Content starts

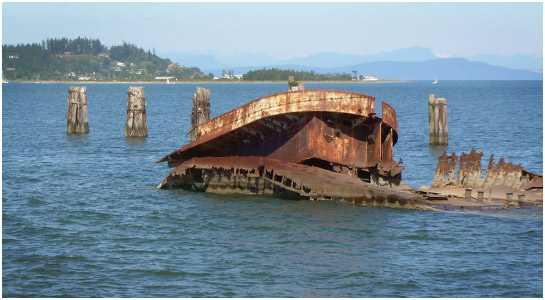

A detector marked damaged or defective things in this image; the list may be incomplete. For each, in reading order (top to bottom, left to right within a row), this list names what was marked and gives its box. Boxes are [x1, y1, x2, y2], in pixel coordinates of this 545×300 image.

peeling rusted steel [157, 89, 404, 205]
rusty ship hull [155, 88, 422, 206]
rusted shipwreck [155, 88, 428, 207]
peeling rusted steel [430, 149, 540, 191]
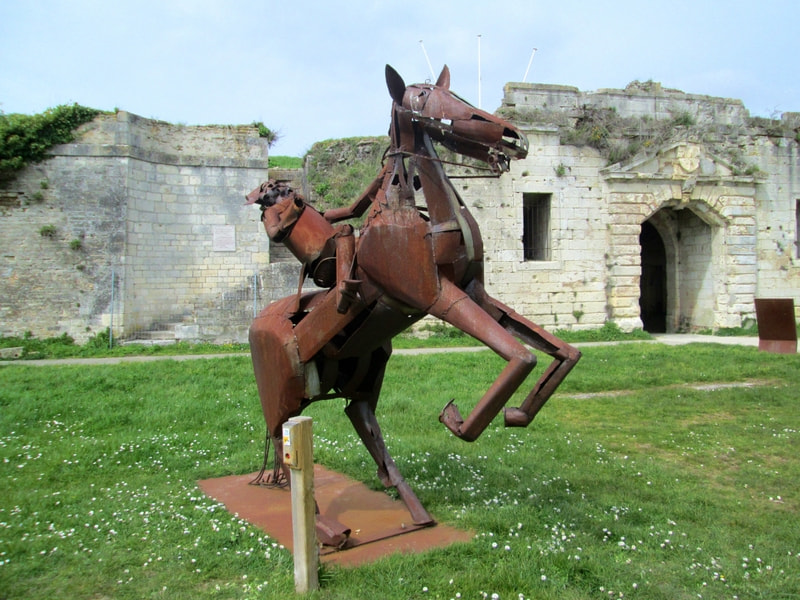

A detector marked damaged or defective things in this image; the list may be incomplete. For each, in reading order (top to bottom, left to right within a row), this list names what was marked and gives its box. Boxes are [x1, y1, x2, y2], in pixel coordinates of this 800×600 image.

rusty metal sculpture [247, 64, 580, 544]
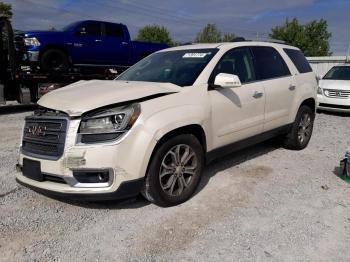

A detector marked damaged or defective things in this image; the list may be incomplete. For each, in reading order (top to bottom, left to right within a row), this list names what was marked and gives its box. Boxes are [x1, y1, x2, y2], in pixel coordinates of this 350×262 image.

dented hood [37, 80, 180, 116]
cracked headlight [78, 103, 141, 143]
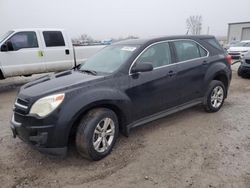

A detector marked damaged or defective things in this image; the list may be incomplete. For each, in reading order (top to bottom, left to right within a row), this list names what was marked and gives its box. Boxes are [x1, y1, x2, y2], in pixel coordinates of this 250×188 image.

crumpled hood [19, 70, 104, 97]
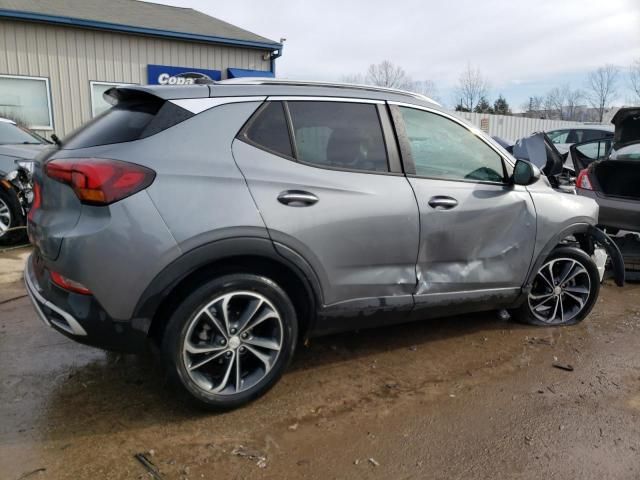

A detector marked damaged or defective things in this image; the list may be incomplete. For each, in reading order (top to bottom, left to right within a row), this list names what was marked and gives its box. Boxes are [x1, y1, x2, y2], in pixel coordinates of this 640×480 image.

damaged gray suv [27, 79, 624, 408]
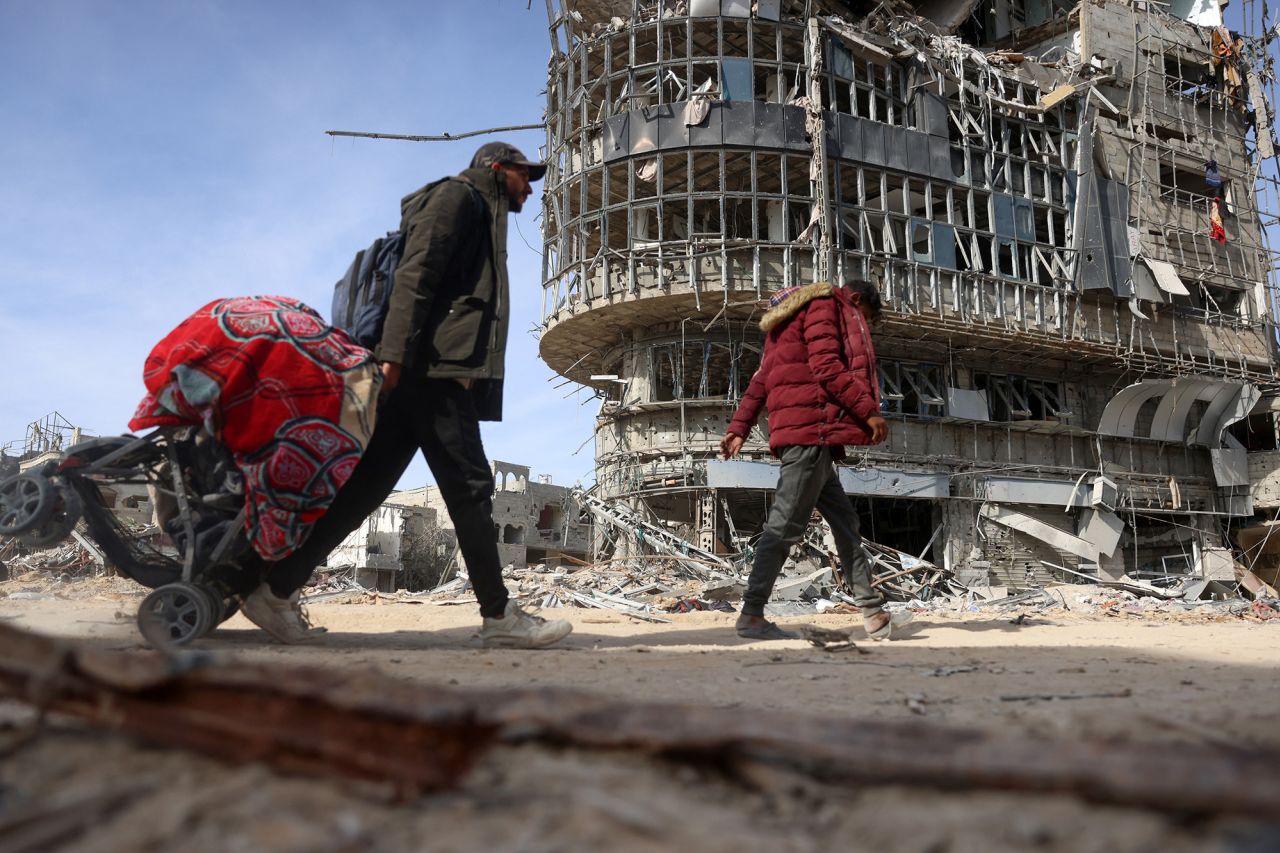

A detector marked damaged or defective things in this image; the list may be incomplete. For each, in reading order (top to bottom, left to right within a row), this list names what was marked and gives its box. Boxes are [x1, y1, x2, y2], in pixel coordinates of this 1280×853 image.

tall damaged tower [535, 0, 1280, 584]
broken facade [537, 0, 1280, 584]
rusted metal bar [2, 622, 1280, 814]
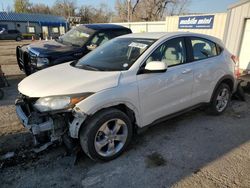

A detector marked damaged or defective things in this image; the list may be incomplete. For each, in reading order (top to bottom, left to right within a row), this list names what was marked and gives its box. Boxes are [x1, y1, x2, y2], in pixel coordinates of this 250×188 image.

broken headlight [34, 92, 94, 111]
crumpled hood [18, 62, 121, 97]
damaged white suv [16, 32, 237, 160]
detached front bumper [15, 104, 53, 135]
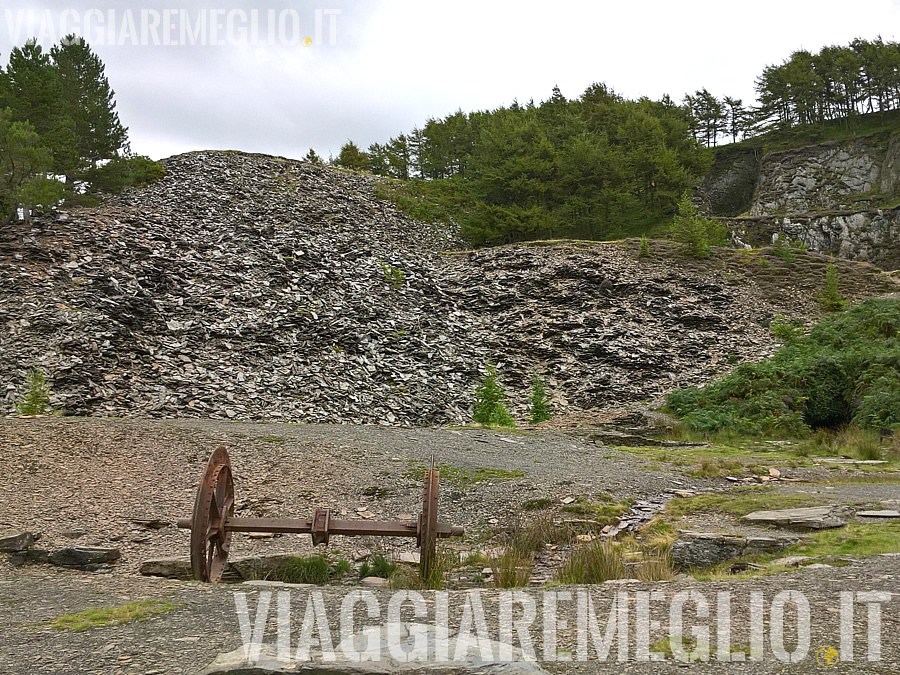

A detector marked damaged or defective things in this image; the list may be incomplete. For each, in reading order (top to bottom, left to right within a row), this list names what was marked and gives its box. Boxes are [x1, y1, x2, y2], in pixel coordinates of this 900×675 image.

rusty iron wheel [189, 446, 234, 584]
rusty metal axle [179, 446, 468, 584]
rusty iron wheel [418, 462, 440, 584]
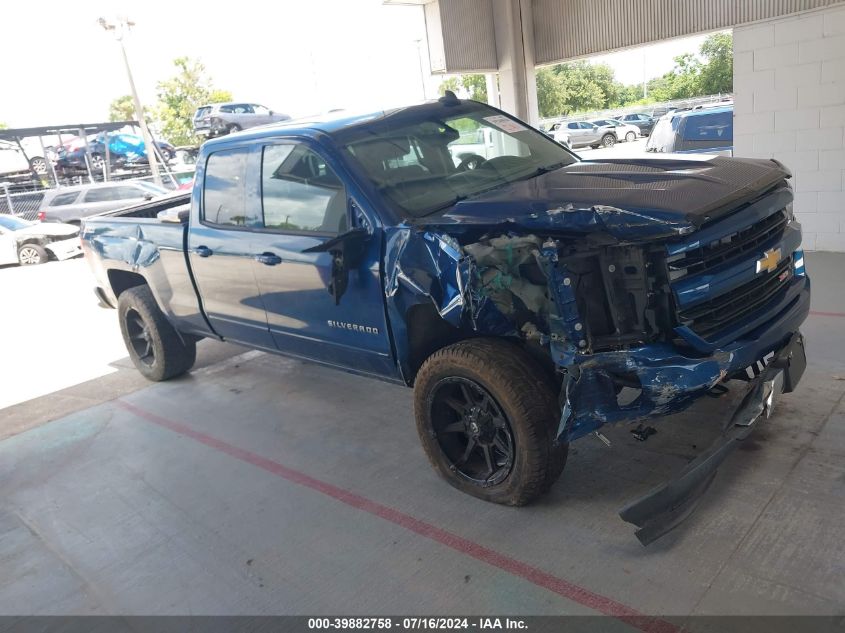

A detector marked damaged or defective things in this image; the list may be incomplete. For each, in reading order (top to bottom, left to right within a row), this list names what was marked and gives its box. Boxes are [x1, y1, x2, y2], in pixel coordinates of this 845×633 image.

Content ends

What do the lines above say from the line containing "this 1280×853 image." through the last line? Quote them exactly, both ends included, and leave out the pictures.

RESULT OF THIS TASK
A detector marked damaged or defective things in this image; the list may be incomplete. For each, in reading order (top to bottom, left to right within a row), this list names what was marked and gives its box. Boxes are [x1, y1, x2, y2], in pixel coordinates of this 1280×853 image.

tall damaged tower [535, 0, 1280, 584]
broken facade [537, 0, 1280, 584]
rusted metal bar [2, 622, 1280, 814]

A detector marked damaged or defective things in this image; the list may be incomplete. For each, in reading order (top to bottom, left to right within a row), this list names what was marked and gives its box. Boxes are [x1, y1, x2, y2], in pixel coordinates of this 250×188 image.

broken headlight [34, 92, 94, 111]
crumpled hood [18, 62, 121, 97]
damaged white suv [16, 32, 237, 160]
detached front bumper [15, 104, 53, 135]

A detector marked damaged or defective things in this image; the list may be incomplete. For each, in reading order (top to bottom, left to right within a row), this list names what was marked and gives its box. Boxes are [x1, y1, x2, y2], in pixel coordinates of this 900×675 image.

rusty iron wheel [189, 446, 234, 584]
rusty metal axle [179, 446, 468, 584]
rusty iron wheel [418, 462, 440, 584]

A detector marked damaged or defective things in this image; the list may be incomplete. For each, in reading order (top to bottom, left to right within a row), this list names what was marked and gives its box. Boxes are [x1, y1, x2, y2], in pixel coordinates of this 845×633 image.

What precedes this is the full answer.